El primer día de colegio fue una decepción completa para mí: mi madre me había asegurado que allí me enseñarían a leer y a escribir, pero aquel día solo hicimos un dibujo. A mis cuatro años, aquello me pareció una pérdida de tiempo intolerable. Desde entonces, mi obsesión con las letras no ha hecho sino crecer. La batalla contra el tiempo, también.
Escribo de seguido desde mi más tierna adolescencia, aunque solo hace algunos años entendí que aquello también era escribir. Diarios a diario, cartas infumables, ensayos de repente, poemas vergonzantes y canciones con acompañamiento musical trufaron aquella época, mientras yo me empeñaba en alumbrar una raquítica narrativa. En 2004 inauguré mi primer blog y tampoco fui consciente de estar escribiendo nada hasta que, apenas antes de ayer, acepté aparcar mi infructuoso idilio con la ficción.

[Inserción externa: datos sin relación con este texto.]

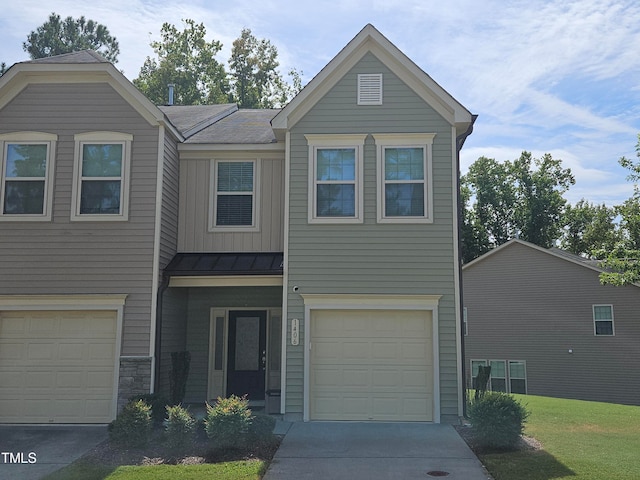 view of front of home featuring a garage and a front yard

Desde entonces, no deja de sorprenderme que exista un solo ser humano interesado en leer mis mierdas. Pero así es. Me ha costado un gran trabajo interior superar mi incredulidad inicial para llegar a honrar ese encuentro sagrado que surge de la amalgama entre la empatía, el entretenimiento y el gusto por las comas bien puestas. Cada día soy más consciente de su incalculable valor y me esfuerzo por cuidarlo como se merece.